The state agency is overseeing the portion of the deal involving the transfer of BP’s stake in the 800-mile trans-Alaska pipeline and related pipelines, which are vital to the state economy.

The agency said it needs more information from the oil companies to decide whether public disclosure of Hilcorp’s recent years of financial information would put the company at a competitive disadvantage, as the companies have argued.

The company also must show that the specific harm it would suffer outweighs the public interest.

[Hilcorp wants finances kept private in Alaska deal with BP, leading to calls for transparency]


The agency ordered that the oil companies by next Tuesday provide “an explanation of the specific harm that would result from disclosure of components of the financial statements, and an explanation of whether any of the financial statements submitted in these dockets are required to be filed with a federal agency."

Skeptics of the deal have argued that Hilcorp has not proven its case and should publicly disclose its financial information. They argue that would help promote public confidence that the company, a fraction of BP’s size, has the financial muscle to clean up a potentially costly oil spill and maintain the North Slope’s aging facilities.

The agency order on Tuesday did grant a request from the companies to keep the sales contract governing the deal confidential.

The agency said the companies had justified the need to keep the specific terms private. It said no entity had requested public disclosure of the sales agreement.

“The competitive harm in disclosure is due to the negotiated nature of these agreements in a climate where multiple entities seek to acquire and relinquish oil and gas assets under the most favorable terms available,” the agency said.

Phil Wight, an analyst working for the Alaska Public Interest Research Group, said Tuesday he’s generally heartened to see the commission prudently weighing the details of an enormous deal that would make Hilcorp the leading owner of the trans-Alaska pipeline, with a larger stake than ConocoPhillips and Exxon Mobil.
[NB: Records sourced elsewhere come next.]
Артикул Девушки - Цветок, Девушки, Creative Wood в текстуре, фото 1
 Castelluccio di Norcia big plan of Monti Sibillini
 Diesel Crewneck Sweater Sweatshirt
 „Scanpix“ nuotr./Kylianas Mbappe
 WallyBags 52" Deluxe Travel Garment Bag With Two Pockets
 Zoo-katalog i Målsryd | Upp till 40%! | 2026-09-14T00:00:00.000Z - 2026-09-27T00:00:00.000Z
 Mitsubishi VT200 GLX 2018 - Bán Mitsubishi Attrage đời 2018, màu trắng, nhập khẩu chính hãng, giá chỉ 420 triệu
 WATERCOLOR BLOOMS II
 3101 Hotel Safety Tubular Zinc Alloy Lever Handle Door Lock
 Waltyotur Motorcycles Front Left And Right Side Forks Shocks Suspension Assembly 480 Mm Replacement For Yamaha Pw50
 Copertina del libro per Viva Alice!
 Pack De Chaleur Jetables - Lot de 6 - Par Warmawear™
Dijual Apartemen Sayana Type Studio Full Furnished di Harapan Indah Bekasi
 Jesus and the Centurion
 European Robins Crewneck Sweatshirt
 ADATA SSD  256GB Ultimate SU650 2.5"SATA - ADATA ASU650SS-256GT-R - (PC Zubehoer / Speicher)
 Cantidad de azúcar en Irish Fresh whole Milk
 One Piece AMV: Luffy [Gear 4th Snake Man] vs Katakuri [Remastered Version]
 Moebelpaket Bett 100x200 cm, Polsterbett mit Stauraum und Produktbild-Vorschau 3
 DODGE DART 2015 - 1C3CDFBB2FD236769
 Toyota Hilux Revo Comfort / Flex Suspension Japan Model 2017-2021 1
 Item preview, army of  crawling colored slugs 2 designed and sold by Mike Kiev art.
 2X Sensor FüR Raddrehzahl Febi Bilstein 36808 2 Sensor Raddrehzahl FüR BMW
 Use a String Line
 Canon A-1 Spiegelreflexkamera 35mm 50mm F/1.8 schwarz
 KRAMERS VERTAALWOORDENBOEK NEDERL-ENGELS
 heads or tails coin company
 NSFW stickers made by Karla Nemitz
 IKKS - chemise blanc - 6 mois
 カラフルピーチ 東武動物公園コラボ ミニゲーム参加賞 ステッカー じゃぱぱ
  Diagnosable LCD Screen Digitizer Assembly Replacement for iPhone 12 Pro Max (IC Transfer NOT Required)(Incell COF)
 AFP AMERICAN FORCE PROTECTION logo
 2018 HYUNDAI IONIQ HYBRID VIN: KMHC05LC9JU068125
In a recent letter to the state agency, Hilcorp and BP have asserted that requiring public disclosure of Hilcorp’s financial documents could limit the pool of companies that are willing to invest in Alaska pipelines.

It would send a message that “only publicly-traded companies need apply," referring to companies traded on stock exchanges that must regularly release financial information, they argued in a Feb. 7 filing.

“Such a result could eventually lead to early shut-down of pipelines if no public company parties can be found to take over those pipelines,” the oil companies said.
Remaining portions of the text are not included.